Wie jeder für sich bleibt

Jacques Rivettes „Va Savoir“: Wer weiß schon, was der andere gerade macht, denkt, meint. Deshalb wird viel Konversation betrieben, doch was jemand wirklich sagen will, ist erst klar, wenn er allein ist

„Für mich ist das Kino eine Kunst der Zeit. Wie der Musiker oder der Dramaturg manipuliert der Filmemacher die Zeit, im Prinzip ist es der eigentliche Sinn seiner Arbeit.“ (Jacques Rivette)

Der Stoff von „Va Savoir“ könnte der einer Boulevardkomödie sein. Jeder mit jedem auf irgendeine Weise. Es treten auf: Camille (Jeanne Balibar), Ugo (Sergio Castellitto), Sonia (Marianne Basler), Pierre (Jacques Bonaffe), Do (Hélène de Fougerolles) und Arthur (Bruno Todeschini). Eine italienische Theatergruppe gastiert mit einem Stück von Luigi Pirandello in Paris. Camille ist die Hauptdarstellerin, Ugo der Regisseur und die beiden ein Paar. Pierre ist der ehemalige Liebhaber von Camille, den sie fünf Jahre zuvor fluchtartig verlassen hat. Sonia ist Pierres derzeitige Partnerin. Arthur ist Sonias heimlicher Liebhaber und der Halbbruder von Do, die wiederum für Ugo schwärmt, der sich nicht abgeneigt zeigt. Vor allem ist er von einem verschollenen Stück Goldonis besessen, Do hilft ihm, es zu finden. Zwischendurch hat Camille auch mal was mit Arthur und ist durcheinander, weil die alte Geschichte mit Pierre … und so weiter. Was man so Franzosenkino nennt. Alle Beteiligten sind schlau und gebildet, aber die Gefühle wollen trotzdem nicht so, wie sie’s gern hätten.

Doch die Komödie lebt von ihren Pointen und das Rivette-Kino von Momenten, in denen augenscheinlich nichts passiert. „Geheimsache“ hätte ein Thriller sein können, die Spannung aber entsteht, wenn Sandrine Bonnaire Zug fährt, und nicht, wenn sie die Knarre in der Hand hält. Was zählt, ist weniger das Tun als das Noch-nicht-Tun oder das Schon-getan-Haben.
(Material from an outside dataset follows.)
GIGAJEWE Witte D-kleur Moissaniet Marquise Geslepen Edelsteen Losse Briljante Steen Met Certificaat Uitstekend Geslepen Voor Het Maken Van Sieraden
Ein ähnliches Bild blieb von Sandrine Bonnaire in der Rolle der Jeanne d’Arc. Eine konzentriert Zögernde und kompromisslos Handelnde, wobei die Kompromisslosigkeit erst durch das Zögern sichtbar wird. Bei „Va Savoir“ geht es im ähnlichen Sinne nicht darum, wer mit wem, sondern wie jeder für sich bleibt. Manchmal entsteht Komplizenschaft, manchmal vereint zwei Menschen eine gemeinsame Besessenheit für etwas, Begehren kommt vor. Die Motivation aber ist immer eine unterschiedliche, das Trennende wird nicht in Kitsch aufgelöst. „Va Savoir“ – wer weiß schon, was der andere gerade macht, denkt, sagt, meint.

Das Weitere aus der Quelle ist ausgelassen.